ONTAP Discussions
ONTAP Discussions
We are NFS datastores shop. The throughput on a handful LIF's constantly very high, more than 1,200MB/s. Most of datastores are mounted via these LIF's.
However, on the rest of LIF's only about a few hundreds MB/s with less datastore's mounted.
There seems no way in OCUM or any commands to tell me if or which LIF has bottleneck.
"> statistics lif show -vserver vserver_name" doesn't show any Recv or Sent Errors
How can I tell if a LIF is over loaded, and caused bottleneck, if any?
Thank you!
Starting in ONTAP 9.7, you can.
We’ve had the ability to determine which clients are accessing IP addresses in a cluster (network connections active show), as well as CIFS/SMB session information (cifs session show), but could never get granular information about NFS.

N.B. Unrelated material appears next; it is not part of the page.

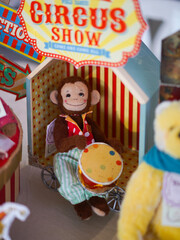 Cute Monkey Doll. A closed up of a happy monkey doll is sitting among his circus friends in colorful circus theme concept. Doll's display during the weekend doll market.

The use cases are varied, but usually fall into:
1) Need to discover who’s using a volume before performing migrations, cutovers, etc.
2) Troubleshooting issues
3) Load distribution
Admin level command:
cluster::> nfs connected-clients show -node <node> -vserver <vserver>
Which is the ONTAP version?
Are you using OCUM or AIQUM?
LIF limits will be the limit of the underneath physical ports. Are you using LACP?
Are you having issues or just want to monitor and be able to tell that the LIF is overloaded?
Regards,
Pedro
To answer your questions:
ontap 9.7p7
AIQUM
Yes, we do use LACP
Yes, we do have performance issues, but don't know where the problem is.
Aggregate seems ok.
I found the total number of discards is high. It happened on all 4 ports under LACP. below is the example on one of them.

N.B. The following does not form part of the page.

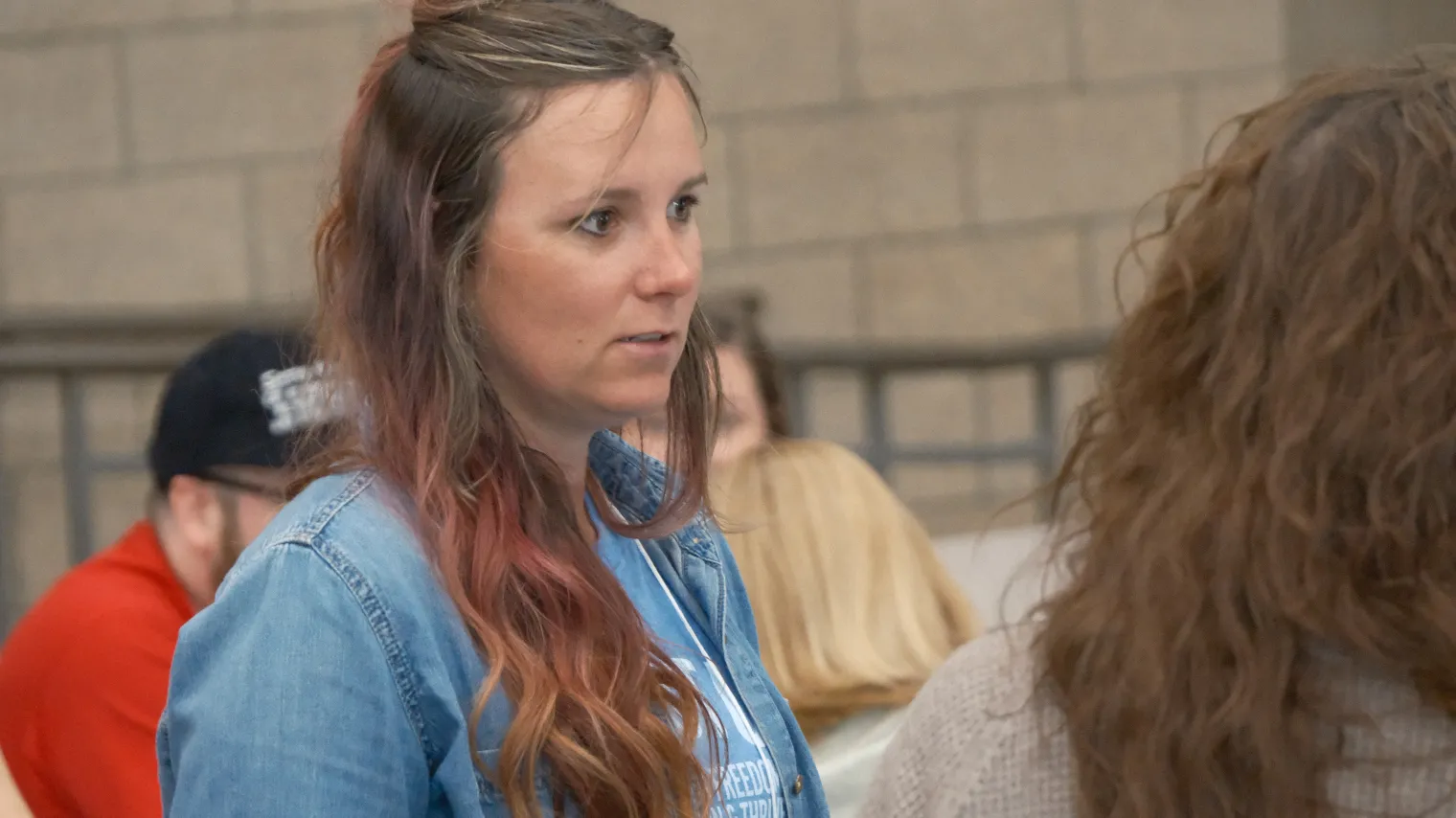 Young woman standing in a group, discussing with others, inside school cafeteria setting.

A certain percentage of drops is acceptable, Can you tell me how do I calculate the percentage of that in my case?
cluster::*> node run -node node-1 ifstat e0f
-- interface e0f (284 days, 21 hours, 36 minutes, 16 seconds) --
RECEIVE
Total frames: 384g | Frames/second: 15608 | Total bytes: 1501t
Bytes/second: 61004k | Total errors: 23 | Errors/minute: 0
Total discards: 3352k | Discards/minute: 8 | Multi/broadcast: 715m
Non-primary u/c: 0 | CRC errors: 0 | Runt frames: 23
Long frames: 0 | Length errors: 0 | Alignment errors: 0
No buffer: 1143k | Pause: 0 | Jumbo: 292g
Noproto: 0 | Bus overruns: 2208k | LRO segments: 241g
LRO bytes: 1480t | LRO6 segments: 0 | LRO6 bytes: 0
Bad UDP cksum: 0 | Bad UDP6 cksum: 0 | Bad TCP cksum: 0
Bad TCP6 cksum: 0 | Mcast v6 solicit: 0 | Lagg errors: 2
Lacp errors: 0 | Lacp PDU errors: 0
TRANSMIT
Total frames: 1086g | Frames/second: 44156 | Total bytes: 70585g
Bytes/second: 2867k | Total errors: 0 | Errors/minute: 0
Total discards: 0 | Queue overflow: 0 | Multi/broadcast: 2454k
Pause: 126k | Jumbo: 833g | Cfg Up to Downs: 0
TSO segments: 0 | TSO bytes: 0 | TSO6 segments: 0
TSO6 bytes: 0 | HW UDP cksums: 0 | HW UDP6 cksums: 0
HW TCP cksums: 0 | HW TCP6 cksums: 0 | Mcast v6 solicit: 0
Lagg drops: 0 | Lagg no buffer: 0 | Lagg no entries: 0
DEVICE
Mcast addresses: 4 | Rx MBuf Sz: 4096
LINK INFO
Speed: 10000M | Duplex: full | Flowcontrol: full
Media state: active | Up to downs: 1
I recommend that first you zero the stats for all the interfaces and then start checking the increments in errors/discards and etc
Ifstat -z interface
Old data could point you to the wrong way
below 0.1% is acceptable according to the article above.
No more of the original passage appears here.